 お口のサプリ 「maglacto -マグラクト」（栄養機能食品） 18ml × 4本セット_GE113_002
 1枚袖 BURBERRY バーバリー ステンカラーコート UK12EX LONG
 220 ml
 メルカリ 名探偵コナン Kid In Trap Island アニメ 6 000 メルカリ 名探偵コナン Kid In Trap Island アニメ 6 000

⁂

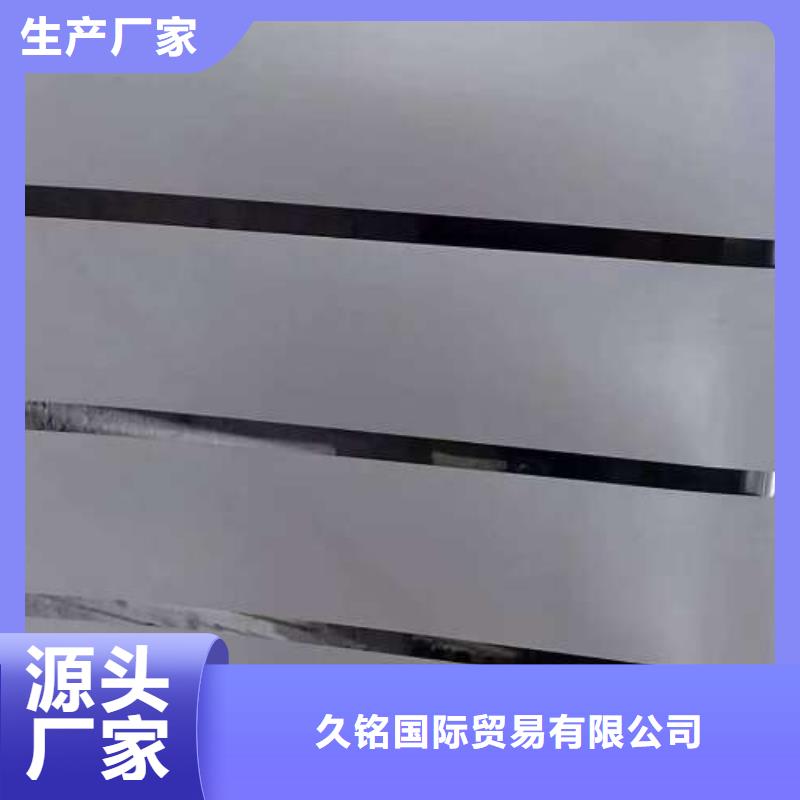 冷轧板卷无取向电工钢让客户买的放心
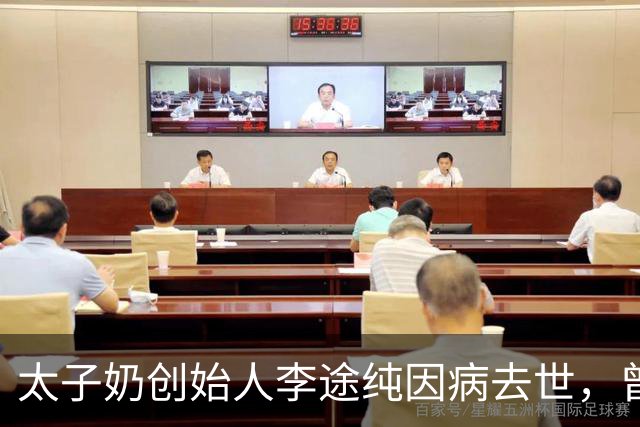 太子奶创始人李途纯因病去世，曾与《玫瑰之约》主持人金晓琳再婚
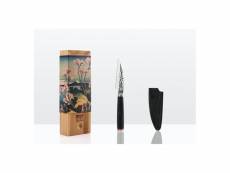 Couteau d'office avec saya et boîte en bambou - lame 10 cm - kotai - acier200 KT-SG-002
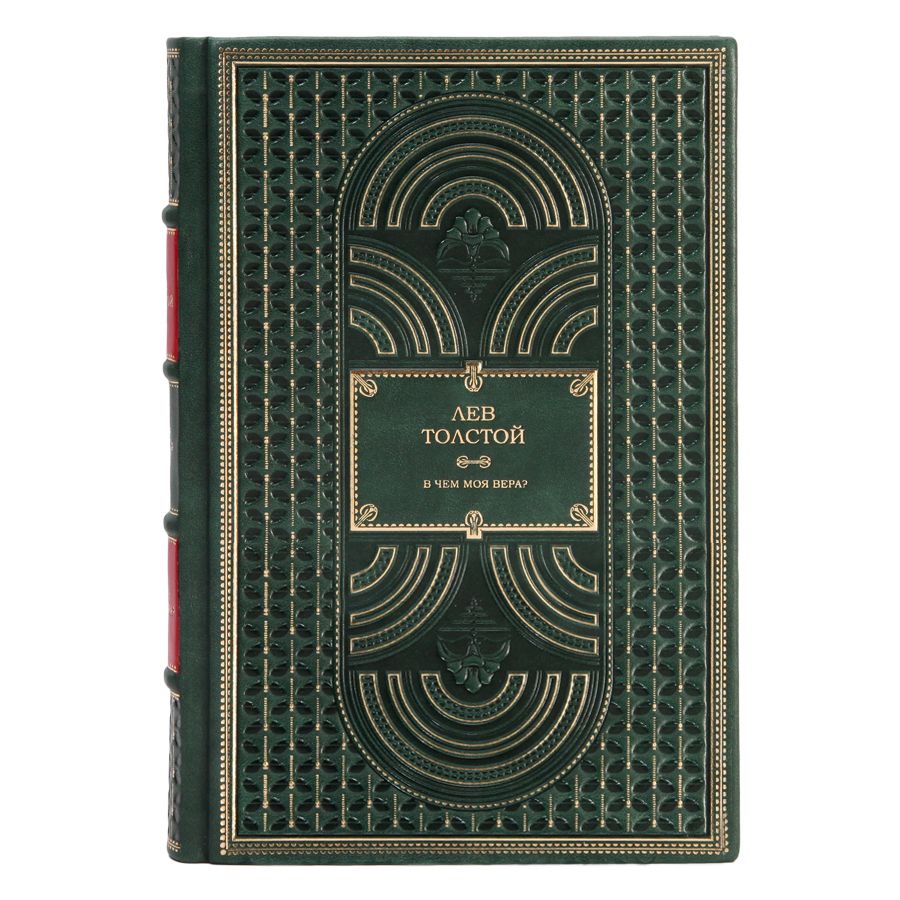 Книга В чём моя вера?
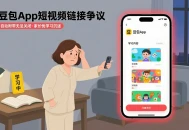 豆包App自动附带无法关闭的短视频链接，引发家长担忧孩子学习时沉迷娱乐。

⁂

▶ WHAT IS REQUIRED: Print the part of the listing above that opens with the line containing "Книга В чём моя вера?" and closes with the line containing "豆包App自动附带无法关闭的短视频链接，引发家长担忧孩子学习时沉迷娱乐。". Copy it exactly, both ends included, and omit the pictures.

▶ RESULT BELOW:
 Книга В чём моя вера?
 豆包App自动附带无法关闭的短视频链接，引发家长担忧孩子学习时沉迷娱乐。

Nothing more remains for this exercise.